● Aim of the exercise
Only the lines from the one containing "Carénages Moto Honda" to the end of the records belong in the answer; repeat them exactly and drop the pictures.
*** Begin section ***
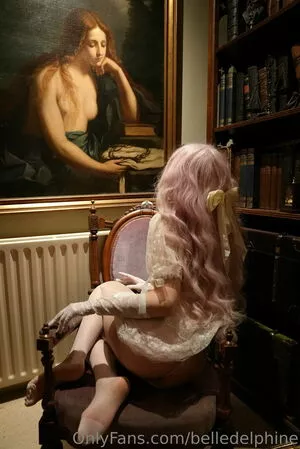 Belle Delphine OnlyFans Leaked Free Thumbnail Picture - #efhxwFT7Pr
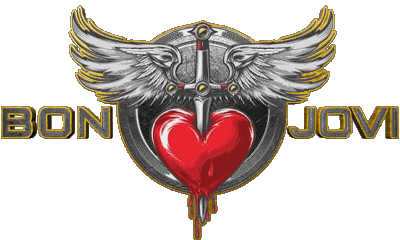 Bon Jovi Rock USA Musica Multimedia 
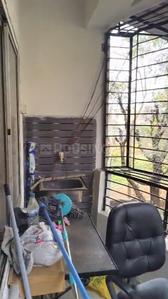 Balcony Image of 1428 Sq.ft 3 BHK Apartment / Flat for sale in Ekta Nagar Ranchi for Rs. 5800000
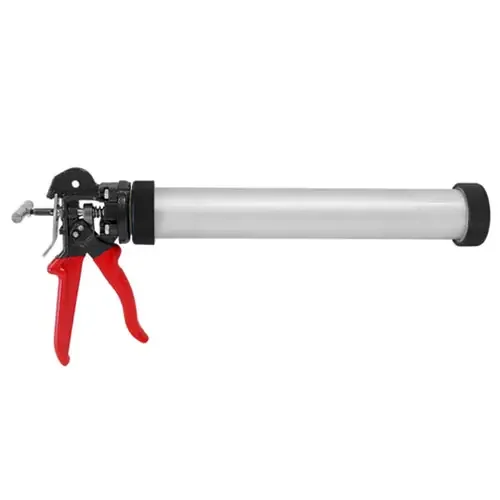 Equalizer® 26 to 1 Mechanical Advantage Caulking Gun – Aluminum Barrel – TSA641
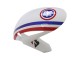 Carénages Moto Honda CBR1000RR 2012-2016 - Blanc Bleu Rouge Repsol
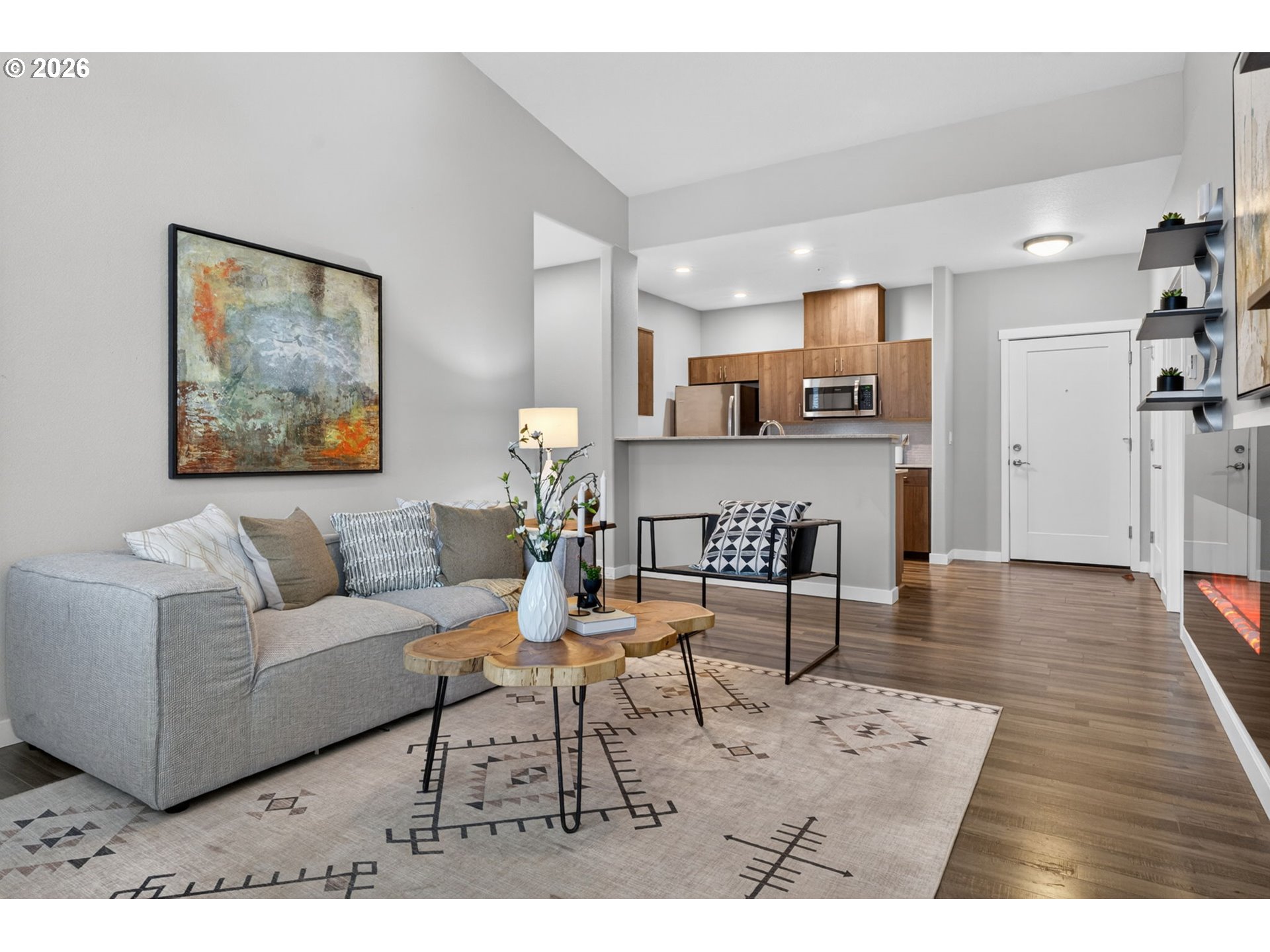 16441 Northwest Chadwick Way, Unit 303 Portland, OR 97229 - Photo 9 of 29
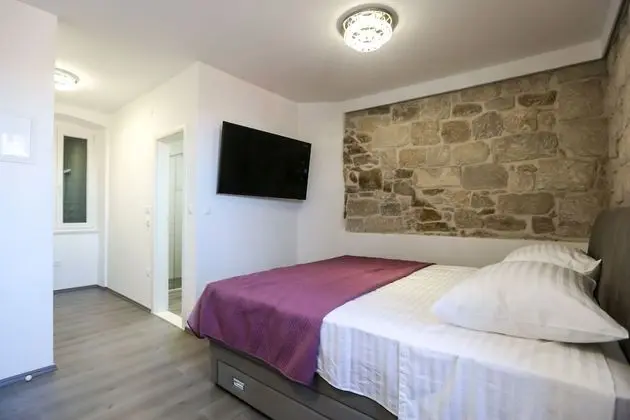 Luxury Tek Büyük Yataklı Oda, Özel Banyo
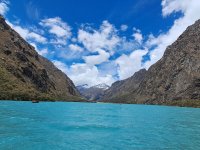 Huaraz - Montanhas, Lagos e Arqueologia Express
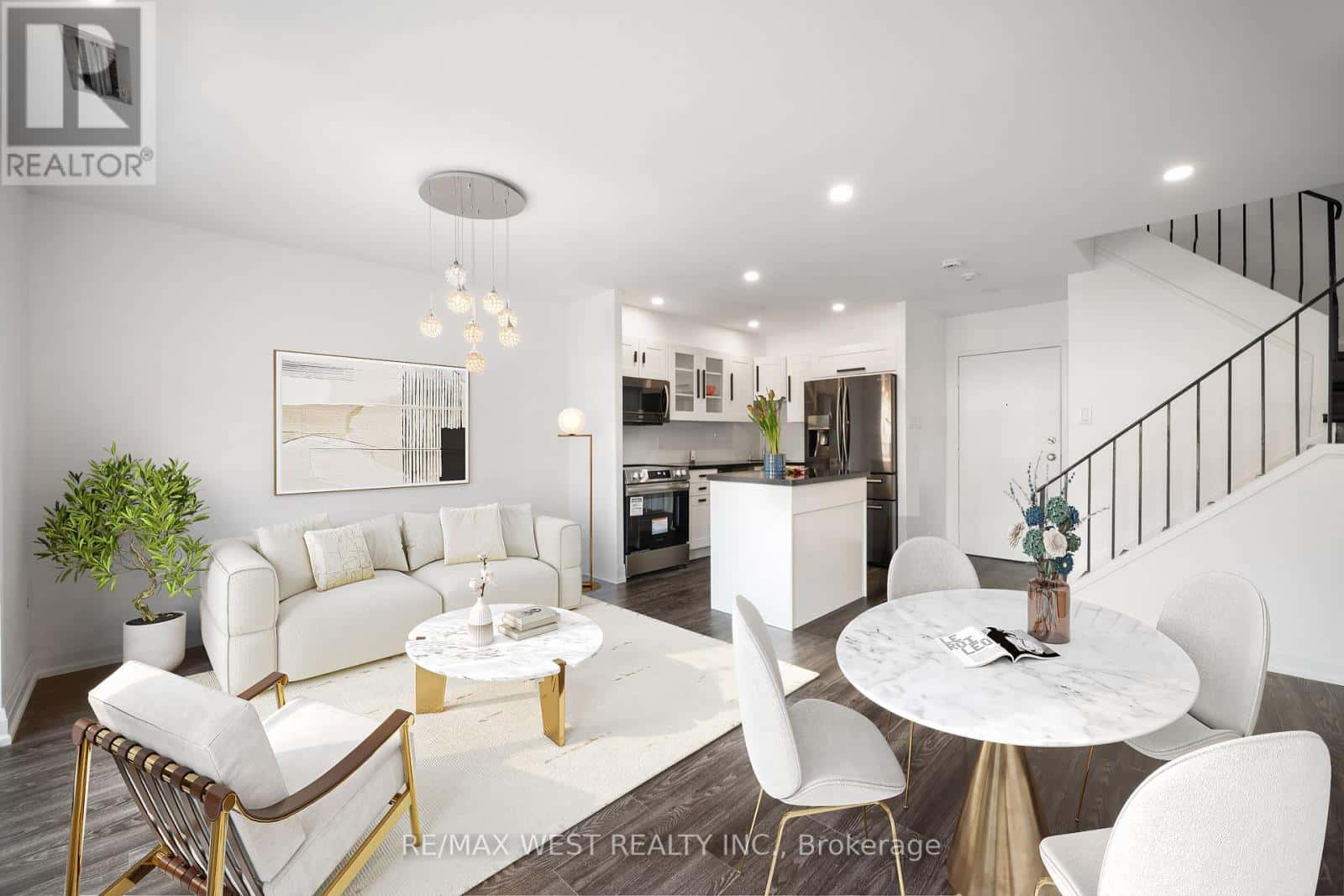 236 - 165 CHEROKEE BOULEVARD N — Toronto (Pleasant View), Ontario - Photo 5 of 38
*** End section ***
● Problem solution
 Carénages Moto Honda CBR1000RR 2012-2016 - Blanc Bleu Rouge Repsol
 16441 Northwest Chadwick Way, Unit 303 Portland, OR 97229 - Photo 9 of 29
 Luxury Tek Büyük Yataklı Oda, Özel Banyo
 Huaraz - Montanhas, Lagos e Arqueologia Express
 236 - 165 CHEROKEE BOULEVARD N — Toronto (Pleasant View), Ontario - Photo 5 of 38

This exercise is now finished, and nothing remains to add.